# Chapter 5: Loading and Saving your Data (Scala)

The problems included in this notebook are solved using different high-level data sources included in Spark SQL.

In [30]:
import org.apache.spark.sql.SparkSession
val spark = SparkSession.builder.appName("Loading-Saving-Data").master("local[*]").getOrCreate()
val sc = spark.sparkContext

spark = org.apache.spark.sql.SparkSession@22f334e
sc = org.apache.spark.SparkContext@ab9cfe4


## Parquet Format

Loading data

In [31]:
val parquetData = spark.read.parquet("../data/person.parquet")
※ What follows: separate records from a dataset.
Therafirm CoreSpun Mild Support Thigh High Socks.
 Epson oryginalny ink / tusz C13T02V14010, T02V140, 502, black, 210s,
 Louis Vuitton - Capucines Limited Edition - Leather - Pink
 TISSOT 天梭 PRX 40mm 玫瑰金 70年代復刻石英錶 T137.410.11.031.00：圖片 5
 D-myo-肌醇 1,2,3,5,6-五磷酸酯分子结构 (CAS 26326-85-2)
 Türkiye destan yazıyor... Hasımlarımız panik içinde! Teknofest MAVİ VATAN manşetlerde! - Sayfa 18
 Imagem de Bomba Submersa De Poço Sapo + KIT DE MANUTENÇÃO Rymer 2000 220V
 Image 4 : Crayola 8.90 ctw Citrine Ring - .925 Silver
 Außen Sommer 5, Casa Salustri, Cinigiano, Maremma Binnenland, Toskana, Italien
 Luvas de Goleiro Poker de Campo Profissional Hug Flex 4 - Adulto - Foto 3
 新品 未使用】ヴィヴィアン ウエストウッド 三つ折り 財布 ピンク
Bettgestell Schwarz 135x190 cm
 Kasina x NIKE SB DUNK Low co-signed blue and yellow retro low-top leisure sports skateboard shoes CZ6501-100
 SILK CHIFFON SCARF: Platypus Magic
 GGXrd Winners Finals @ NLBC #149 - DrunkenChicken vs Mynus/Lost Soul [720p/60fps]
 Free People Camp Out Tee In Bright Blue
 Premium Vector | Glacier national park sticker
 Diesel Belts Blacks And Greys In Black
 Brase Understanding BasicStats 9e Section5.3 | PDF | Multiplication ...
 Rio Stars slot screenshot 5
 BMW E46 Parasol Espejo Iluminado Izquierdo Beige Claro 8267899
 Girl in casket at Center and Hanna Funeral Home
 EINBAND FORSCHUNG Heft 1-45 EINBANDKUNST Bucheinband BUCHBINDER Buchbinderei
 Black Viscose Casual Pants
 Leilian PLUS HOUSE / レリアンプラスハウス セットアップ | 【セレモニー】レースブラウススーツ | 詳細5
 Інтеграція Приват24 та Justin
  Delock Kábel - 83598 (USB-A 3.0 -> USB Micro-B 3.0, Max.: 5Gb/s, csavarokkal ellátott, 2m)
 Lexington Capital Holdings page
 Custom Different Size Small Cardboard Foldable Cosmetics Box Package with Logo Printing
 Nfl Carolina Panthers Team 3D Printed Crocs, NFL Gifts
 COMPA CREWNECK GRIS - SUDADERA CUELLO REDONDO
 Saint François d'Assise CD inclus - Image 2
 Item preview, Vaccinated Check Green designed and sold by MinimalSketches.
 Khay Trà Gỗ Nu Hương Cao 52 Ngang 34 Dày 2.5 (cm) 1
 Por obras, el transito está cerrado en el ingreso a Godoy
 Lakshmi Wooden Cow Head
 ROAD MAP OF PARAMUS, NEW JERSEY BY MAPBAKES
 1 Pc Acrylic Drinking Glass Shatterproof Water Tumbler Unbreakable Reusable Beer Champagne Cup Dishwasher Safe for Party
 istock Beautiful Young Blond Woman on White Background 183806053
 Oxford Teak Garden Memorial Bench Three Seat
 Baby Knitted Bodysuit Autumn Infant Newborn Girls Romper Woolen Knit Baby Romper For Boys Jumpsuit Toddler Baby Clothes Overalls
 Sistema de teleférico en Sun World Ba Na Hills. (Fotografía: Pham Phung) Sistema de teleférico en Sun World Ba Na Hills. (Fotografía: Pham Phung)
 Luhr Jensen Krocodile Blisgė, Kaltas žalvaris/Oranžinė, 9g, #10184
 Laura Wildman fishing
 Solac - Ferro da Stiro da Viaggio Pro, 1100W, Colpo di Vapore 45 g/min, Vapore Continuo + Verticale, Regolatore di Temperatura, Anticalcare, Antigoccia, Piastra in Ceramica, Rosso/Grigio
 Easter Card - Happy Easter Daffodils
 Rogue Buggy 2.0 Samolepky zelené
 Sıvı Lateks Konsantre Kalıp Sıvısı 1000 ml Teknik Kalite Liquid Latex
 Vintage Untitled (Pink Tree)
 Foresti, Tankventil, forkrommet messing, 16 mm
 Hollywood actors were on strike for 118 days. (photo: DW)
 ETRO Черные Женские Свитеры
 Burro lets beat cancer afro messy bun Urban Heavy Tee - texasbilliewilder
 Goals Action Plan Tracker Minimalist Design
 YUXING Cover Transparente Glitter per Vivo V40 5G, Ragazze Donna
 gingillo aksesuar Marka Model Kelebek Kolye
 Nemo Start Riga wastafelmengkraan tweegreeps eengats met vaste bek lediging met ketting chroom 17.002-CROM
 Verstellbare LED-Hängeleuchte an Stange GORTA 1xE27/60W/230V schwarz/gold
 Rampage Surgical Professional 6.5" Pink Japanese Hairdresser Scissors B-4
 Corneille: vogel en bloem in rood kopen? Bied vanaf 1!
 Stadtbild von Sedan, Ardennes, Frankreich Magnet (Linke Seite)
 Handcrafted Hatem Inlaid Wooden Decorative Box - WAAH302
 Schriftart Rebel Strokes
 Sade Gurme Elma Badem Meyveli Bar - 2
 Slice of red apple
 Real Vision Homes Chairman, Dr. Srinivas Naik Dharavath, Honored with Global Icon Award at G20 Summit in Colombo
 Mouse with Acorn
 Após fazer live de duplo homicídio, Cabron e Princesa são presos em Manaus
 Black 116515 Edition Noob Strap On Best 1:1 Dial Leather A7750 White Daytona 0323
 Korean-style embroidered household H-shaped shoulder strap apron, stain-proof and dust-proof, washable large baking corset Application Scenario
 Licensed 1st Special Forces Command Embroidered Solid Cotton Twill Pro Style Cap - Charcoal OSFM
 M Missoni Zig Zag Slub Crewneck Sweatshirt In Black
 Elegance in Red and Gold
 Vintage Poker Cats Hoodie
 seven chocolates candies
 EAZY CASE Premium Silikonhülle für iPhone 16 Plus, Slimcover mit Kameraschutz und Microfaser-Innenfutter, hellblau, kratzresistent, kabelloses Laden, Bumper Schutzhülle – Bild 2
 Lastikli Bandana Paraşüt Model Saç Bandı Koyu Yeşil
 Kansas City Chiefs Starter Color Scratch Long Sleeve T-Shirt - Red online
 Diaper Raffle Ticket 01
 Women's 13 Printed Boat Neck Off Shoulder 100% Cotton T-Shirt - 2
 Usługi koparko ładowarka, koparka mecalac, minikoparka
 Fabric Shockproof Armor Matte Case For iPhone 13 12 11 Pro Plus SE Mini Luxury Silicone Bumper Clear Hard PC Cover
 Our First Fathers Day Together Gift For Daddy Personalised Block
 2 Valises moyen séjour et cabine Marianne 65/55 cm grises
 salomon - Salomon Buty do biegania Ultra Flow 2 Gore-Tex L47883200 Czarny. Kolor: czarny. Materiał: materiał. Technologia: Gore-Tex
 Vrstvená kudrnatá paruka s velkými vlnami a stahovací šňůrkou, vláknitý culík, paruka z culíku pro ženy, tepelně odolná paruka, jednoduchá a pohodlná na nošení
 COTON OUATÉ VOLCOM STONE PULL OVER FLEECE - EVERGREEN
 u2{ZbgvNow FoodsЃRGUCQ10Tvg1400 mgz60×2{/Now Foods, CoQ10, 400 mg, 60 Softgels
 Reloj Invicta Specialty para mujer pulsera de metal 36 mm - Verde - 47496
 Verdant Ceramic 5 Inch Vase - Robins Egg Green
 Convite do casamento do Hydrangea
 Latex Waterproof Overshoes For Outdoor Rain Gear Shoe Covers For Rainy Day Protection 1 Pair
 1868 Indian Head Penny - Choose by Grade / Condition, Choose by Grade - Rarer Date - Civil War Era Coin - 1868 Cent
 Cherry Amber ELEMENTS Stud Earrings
parquetData = [Name: string, Age: int]


[Name: string, Age: int]

In [32]:
parquetData.show()

+----+---+
|Name|Age|
+----+---+
|Raul| 29|
|Javi| 34|
+----+---+



Saving data

In [33]:
parquetData.write.mode("overwrite").parquet("../data/person_write.parquet")

In [34]:
spark.read.parquet("../data/person_write.parquet").show()

+----+---+
|Name|Age|
+----+---+
|Raul| 29|
|Javi| 34|
+----+---+



## CSV Format

Loading data

In [35]:
val csvData = spark.read.option("header", "true").option("inferschema", "true").csv("../data/person.csv")

csvData = [Name: string, Age: int]


[Name: string, Age: int]

In [36]:
csvData.show()

+----+---+
|Name|Age|
+----+---+
|Raul| 29|
|Javi| 34|
+----+---+



In [37]:
import org.apache.spark.sql.types.{StructType, StructField, StringType, IntegerType}
val schema = new StructType(Array(StructField("Name", StringType, true), 
                                  StructField("Age", IntegerType, true)))

schema = StructType(StructField(Name,StringType,true), StructField(Age,IntegerType,true))


StructType(StructField(Name,StringType,true), StructField(Age,IntegerType,true))

In [38]:
val csvDataSchema = spark.read.schema(schema).csv("../data/person.csv")

csvDataSchema = [Name: string, Age: int]


[Name: string, Age: int]

In [39]:
csvDataSchema.show()

+----+----+
|Name| Age|
+----+----+
|null|null|
|Raul|  29|
|Javi|  34|
+----+----+



Saving data:

In [40]:
csvData.write.mode("overwrite").option("header", "true").csv("../data/person_write.csv")

In [41]:
spark.read.option("inferSchema", "true").option("header", "true").csv("../data/person_write.csv").show()

+----+---+
|Name|Age|
+----+---+
|Raul| 29|
|Javi| 34|
+----+---+



## JSON Format

Loading data

In [42]:
val jsonData = spark.read.json("../data/person.json")

jsonData = [age: bigint, name: string]


[age: bigint, name: string]

In [43]:
jsonData.show()

+---+----+
|age|name|
+---+----+
| 29|Raul|
| 33|Javi|
+---+----+



Saving data

In [44]:
jsonData.write.mode("overwrite").json("../data/person_write.json")

In [45]:
spark.read.json("../data/person_write.json").show()

+---+----+
|age|name|
+---+----+
| 29|Raul|
| 33|Javi|
+---+----+